** Problem to work on **
Please return the records below exactly as they stand.

** Stored data **
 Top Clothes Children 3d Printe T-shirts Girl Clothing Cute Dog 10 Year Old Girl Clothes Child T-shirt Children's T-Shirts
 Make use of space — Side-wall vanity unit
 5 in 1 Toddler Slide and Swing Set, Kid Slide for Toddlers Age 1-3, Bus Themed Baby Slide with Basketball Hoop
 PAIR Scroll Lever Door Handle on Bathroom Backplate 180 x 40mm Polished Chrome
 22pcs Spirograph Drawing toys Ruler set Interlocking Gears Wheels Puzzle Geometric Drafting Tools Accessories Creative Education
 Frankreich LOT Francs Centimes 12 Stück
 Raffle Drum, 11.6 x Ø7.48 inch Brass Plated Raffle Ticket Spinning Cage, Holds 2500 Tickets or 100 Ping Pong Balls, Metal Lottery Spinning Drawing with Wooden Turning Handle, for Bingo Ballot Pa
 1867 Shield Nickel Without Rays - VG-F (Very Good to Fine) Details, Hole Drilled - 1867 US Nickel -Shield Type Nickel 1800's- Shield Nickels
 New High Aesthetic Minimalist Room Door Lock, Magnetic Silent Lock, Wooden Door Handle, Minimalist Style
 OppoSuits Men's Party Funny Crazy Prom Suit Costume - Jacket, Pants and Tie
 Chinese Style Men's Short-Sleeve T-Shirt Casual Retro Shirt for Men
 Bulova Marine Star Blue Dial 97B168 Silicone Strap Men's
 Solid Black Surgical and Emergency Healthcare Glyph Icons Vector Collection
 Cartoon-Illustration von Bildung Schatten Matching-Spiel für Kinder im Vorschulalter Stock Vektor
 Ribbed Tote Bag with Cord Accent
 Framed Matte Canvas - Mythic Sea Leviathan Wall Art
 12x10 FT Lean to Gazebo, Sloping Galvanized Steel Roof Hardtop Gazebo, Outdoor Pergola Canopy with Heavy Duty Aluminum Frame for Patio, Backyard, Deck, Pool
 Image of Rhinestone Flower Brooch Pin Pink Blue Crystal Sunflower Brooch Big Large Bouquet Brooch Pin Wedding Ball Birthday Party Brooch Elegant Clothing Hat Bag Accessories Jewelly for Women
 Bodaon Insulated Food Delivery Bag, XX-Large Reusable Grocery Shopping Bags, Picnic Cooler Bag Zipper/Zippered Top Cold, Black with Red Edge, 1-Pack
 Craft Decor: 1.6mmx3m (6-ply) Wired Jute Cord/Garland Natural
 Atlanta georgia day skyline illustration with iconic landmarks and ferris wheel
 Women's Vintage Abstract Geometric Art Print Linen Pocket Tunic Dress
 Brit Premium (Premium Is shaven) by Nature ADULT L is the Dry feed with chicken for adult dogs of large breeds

** Exercise output **
 Top Clothes Children 3d Printe T-shirts Girl Clothing Cute Dog 10 Year Old Girl Clothes Child T-shirt Children's T-Shirts
 Make use of space — Side-wall vanity unit
 5 in 1 Toddler Slide and Swing Set, Kid Slide for Toddlers Age 1-3, Bus Themed Baby Slide with Basketball Hoop
 PAIR Scroll Lever Door Handle on Bathroom Backplate 180 x 40mm Polished Chrome
 22pcs Spirograph Drawing toys Ruler set Interlocking Gears Wheels Puzzle Geometric Drafting Tools Accessories Creative Education
 Frankreich LOT Francs Centimes 12 Stück
 Raffle Drum, 11.6 x Ø7.48 inch Brass Plated Raffle Ticket Spinning Cage, Holds 2500 Tickets or 100 Ping Pong Balls, Metal Lottery Spinning Drawing with Wooden Turning Handle, for Bingo Ballot Pa
 1867 Shield Nickel Without Rays - VG-F (Very Good to Fine) Details, Hole Drilled - 1867 US Nickel -Shield Type Nickel 1800's- Shield Nickels
 New High Aesthetic Minimalist Room Door Lock, Magnetic Silent Lock, Wooden Door Handle, Minimalist Style
 OppoSuits Men's Party Funny Crazy Prom Suit Costume - Jacket, Pants and Tie
 Chinese Style Men's Short-Sleeve T-Shirt Casual Retro Shirt for Men
 Bulova Marine Star Blue Dial 97B168 Silicone Strap Men's
 Solid Black Surgical and Emergency Healthcare Glyph Icons Vector Collection
 Cartoon-Illustration von Bildung Schatten Matching-Spiel für Kinder im Vorschulalter Stock Vektor
 Ribbed Tote Bag with Cord Accent
 Framed Matte Canvas - Mythic Sea Leviathan Wall Art
 12x10 FT Lean to Gazebo, Sloping Galvanized Steel Roof Hardtop Gazebo, Outdoor Pergola Canopy with Heavy Duty Aluminum Frame for Patio, Backyard, Deck, Pool
 Image of Rhinestone Flower Brooch Pin Pink Blue Crystal Sunflower Brooch Big Large Bouquet Brooch Pin Wedding Ball Birthday Party Brooch Elegant Clothing Hat Bag Accessories Jewelly for Women
 Bodaon Insulated Food Delivery Bag, XX-Large Reusable Grocery Shopping Bags, Picnic Cooler Bag Zipper/Zippered Top Cold, Black with Red Edge, 1-Pack
 Craft Decor: 1.6mmx3m (6-ply) Wired Jute Cord/Garland Natural
 Atlanta georgia day skyline illustration with iconic landmarks and ferris wheel
 Women's Vintage Abstract Geometric Art Print Linen Pocket Tunic Dress
 Brit Premium (Premium Is shaven) by Nature ADULT L is the Dry feed with chicken for adult dogs of large breeds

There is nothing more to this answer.